Living things, from bacteria to humans, depend on a workforce of proteins to carry out essential tasks within their cells. Proteins are chains of amino acids that are strung together according to instructions encoded within that most important of molecules - DNA.
The string of "letters" that make up DNA correspond to chains of amino acids, and they are read in threes, with every combination representing one of many amino acids. Until now, scientists believed that this relationship is unambiguous - within any single genome, every three-letter combination maps to one and only one amino acid. This strict one-to-one relationship is a tenet of genetics, but new research shows that it's not an absolute one.
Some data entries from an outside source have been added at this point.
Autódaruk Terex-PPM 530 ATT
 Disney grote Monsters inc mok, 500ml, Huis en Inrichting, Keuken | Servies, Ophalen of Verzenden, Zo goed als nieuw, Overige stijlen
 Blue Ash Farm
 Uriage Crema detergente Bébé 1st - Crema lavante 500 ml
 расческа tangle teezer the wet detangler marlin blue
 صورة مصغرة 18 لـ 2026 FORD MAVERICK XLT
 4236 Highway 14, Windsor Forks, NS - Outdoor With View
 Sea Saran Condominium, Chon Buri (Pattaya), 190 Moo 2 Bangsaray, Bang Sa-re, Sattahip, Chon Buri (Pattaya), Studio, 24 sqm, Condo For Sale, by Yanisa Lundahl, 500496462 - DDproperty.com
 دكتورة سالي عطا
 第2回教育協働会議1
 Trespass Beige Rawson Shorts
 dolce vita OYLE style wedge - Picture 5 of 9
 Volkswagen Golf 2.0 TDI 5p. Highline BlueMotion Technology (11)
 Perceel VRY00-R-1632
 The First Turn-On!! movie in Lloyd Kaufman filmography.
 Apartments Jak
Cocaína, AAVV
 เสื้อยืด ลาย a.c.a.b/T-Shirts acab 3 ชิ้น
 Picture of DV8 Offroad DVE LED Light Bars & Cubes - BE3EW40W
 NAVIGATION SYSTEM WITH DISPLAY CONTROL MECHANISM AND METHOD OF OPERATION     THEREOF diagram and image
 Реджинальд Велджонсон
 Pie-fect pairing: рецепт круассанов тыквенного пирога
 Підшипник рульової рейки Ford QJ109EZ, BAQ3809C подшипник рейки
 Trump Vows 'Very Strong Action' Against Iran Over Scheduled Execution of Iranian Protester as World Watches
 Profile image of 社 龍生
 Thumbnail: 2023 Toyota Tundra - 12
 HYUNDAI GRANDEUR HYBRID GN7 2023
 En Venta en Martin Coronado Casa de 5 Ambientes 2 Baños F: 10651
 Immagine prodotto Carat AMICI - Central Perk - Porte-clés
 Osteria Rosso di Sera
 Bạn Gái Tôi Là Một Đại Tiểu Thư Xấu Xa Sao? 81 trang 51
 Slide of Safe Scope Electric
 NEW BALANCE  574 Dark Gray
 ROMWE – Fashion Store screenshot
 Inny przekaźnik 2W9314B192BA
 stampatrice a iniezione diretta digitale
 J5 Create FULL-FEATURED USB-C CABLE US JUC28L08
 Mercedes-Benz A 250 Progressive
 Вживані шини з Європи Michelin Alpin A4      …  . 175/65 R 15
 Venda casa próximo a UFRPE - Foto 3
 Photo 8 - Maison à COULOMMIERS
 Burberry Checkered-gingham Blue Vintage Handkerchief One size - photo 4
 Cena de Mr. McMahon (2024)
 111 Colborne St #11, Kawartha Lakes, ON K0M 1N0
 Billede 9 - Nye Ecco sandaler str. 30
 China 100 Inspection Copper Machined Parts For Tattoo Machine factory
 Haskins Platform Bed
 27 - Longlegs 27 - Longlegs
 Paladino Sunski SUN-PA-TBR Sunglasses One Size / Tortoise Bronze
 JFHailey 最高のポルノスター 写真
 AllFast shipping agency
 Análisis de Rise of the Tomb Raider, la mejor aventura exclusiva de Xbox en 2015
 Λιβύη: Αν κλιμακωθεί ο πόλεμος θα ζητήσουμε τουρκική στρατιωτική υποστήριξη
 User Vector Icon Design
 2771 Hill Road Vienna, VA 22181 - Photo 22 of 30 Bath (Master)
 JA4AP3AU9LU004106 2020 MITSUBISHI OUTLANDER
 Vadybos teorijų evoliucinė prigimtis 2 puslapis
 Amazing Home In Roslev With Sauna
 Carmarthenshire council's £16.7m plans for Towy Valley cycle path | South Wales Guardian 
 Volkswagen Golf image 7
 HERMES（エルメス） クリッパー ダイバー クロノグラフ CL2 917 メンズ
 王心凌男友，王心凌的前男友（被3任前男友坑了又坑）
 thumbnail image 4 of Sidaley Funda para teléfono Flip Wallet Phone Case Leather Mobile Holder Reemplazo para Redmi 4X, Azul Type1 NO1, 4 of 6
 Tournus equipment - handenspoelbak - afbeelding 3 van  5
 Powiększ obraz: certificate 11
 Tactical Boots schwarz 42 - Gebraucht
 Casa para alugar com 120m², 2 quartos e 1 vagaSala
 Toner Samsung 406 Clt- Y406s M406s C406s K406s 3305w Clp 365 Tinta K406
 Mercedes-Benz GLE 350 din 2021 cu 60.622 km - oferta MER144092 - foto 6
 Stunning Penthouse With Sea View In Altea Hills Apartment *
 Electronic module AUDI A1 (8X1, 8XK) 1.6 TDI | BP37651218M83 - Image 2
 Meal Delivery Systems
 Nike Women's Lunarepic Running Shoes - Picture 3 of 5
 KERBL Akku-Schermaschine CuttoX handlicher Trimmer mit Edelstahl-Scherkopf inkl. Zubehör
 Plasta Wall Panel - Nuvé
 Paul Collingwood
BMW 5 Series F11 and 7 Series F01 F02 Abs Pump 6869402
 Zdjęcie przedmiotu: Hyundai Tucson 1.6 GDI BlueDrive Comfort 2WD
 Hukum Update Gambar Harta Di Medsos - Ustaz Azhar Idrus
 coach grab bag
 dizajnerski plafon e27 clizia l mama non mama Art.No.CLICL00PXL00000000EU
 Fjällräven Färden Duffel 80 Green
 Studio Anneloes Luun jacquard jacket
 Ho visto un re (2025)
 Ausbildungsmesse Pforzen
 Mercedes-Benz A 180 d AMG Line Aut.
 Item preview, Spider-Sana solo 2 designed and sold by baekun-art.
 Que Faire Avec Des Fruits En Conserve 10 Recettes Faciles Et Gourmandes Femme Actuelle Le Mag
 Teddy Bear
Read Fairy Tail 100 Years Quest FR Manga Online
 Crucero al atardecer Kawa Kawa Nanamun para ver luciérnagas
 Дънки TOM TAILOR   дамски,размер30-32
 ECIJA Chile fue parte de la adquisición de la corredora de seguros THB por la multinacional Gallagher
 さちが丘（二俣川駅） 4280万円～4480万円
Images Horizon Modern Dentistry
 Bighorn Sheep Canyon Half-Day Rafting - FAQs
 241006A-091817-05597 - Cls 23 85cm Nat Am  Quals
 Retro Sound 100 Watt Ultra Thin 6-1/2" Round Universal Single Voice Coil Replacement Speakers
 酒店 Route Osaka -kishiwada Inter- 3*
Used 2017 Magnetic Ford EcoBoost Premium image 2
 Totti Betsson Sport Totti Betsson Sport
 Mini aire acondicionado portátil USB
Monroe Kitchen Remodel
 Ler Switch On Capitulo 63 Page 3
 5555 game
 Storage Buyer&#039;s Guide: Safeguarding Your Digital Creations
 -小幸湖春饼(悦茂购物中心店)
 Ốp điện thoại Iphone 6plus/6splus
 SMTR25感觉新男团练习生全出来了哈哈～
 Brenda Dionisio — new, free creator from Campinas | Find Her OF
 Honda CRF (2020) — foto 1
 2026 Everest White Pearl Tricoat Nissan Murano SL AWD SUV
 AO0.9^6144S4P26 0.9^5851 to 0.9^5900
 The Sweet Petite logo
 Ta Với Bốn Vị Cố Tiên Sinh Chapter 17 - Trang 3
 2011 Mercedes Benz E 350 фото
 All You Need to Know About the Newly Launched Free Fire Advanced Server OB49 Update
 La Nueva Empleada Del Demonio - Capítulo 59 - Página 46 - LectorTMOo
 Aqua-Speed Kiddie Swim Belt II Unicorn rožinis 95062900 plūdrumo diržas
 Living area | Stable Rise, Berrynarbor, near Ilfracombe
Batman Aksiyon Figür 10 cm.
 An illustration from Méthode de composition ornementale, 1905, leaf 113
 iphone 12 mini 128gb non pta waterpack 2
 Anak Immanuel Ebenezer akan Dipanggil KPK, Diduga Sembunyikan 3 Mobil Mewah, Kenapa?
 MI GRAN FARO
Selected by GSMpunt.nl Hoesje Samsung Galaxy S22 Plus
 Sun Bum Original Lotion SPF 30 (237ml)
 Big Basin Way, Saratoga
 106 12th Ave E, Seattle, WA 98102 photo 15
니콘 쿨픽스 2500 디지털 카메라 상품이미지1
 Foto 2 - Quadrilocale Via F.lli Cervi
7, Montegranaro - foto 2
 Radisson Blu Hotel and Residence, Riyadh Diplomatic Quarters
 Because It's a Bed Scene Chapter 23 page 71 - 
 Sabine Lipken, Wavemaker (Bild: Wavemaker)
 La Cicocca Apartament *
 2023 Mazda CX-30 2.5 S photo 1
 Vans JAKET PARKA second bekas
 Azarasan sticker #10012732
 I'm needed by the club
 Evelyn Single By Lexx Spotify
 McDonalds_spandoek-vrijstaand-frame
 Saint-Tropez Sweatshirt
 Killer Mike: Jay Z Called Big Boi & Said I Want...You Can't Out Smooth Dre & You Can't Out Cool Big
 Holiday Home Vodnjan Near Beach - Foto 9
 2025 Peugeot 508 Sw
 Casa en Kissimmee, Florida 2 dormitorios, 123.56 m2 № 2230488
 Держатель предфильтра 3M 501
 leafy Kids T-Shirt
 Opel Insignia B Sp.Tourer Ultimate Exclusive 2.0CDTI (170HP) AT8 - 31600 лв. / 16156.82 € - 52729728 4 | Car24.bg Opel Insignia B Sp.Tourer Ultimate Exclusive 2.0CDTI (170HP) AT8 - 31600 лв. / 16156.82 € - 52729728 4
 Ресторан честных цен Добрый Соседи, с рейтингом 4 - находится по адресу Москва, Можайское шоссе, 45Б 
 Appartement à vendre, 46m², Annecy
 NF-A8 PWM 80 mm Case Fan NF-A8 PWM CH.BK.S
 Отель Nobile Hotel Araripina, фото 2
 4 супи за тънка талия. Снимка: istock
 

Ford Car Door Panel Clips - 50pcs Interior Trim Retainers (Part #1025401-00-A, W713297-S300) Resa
A team of American scientists have found a surprising exception to this rule, within a sea microbe called Euplotes crassus. In its genome, one particular triplet of DNA letters can stand for one of two different amino acids - cysteine or selenocysteine - even within the same gene. It all depends on context. This is the first time that such dual-coding has been spotted in the genes of any living thing.
Genetics 101
Before I go any further, it's probably a good idea to have a quick primer on the genetic code for non-scientists. Anyone with prior knowledge of genetics can just skip the next four paragraphs. DNA is a chain of four molecules called nucleotides - adenine, cytosine, guanine and thymine, represented by the letter A, C, G and T. These sequences are transcribed into a similar molecule called messenger RNA (mRNA), which contains three of the same nucleotides, but replaces thymine with uracil (U). It's the information coded by mRNA that is finally translated into proteins.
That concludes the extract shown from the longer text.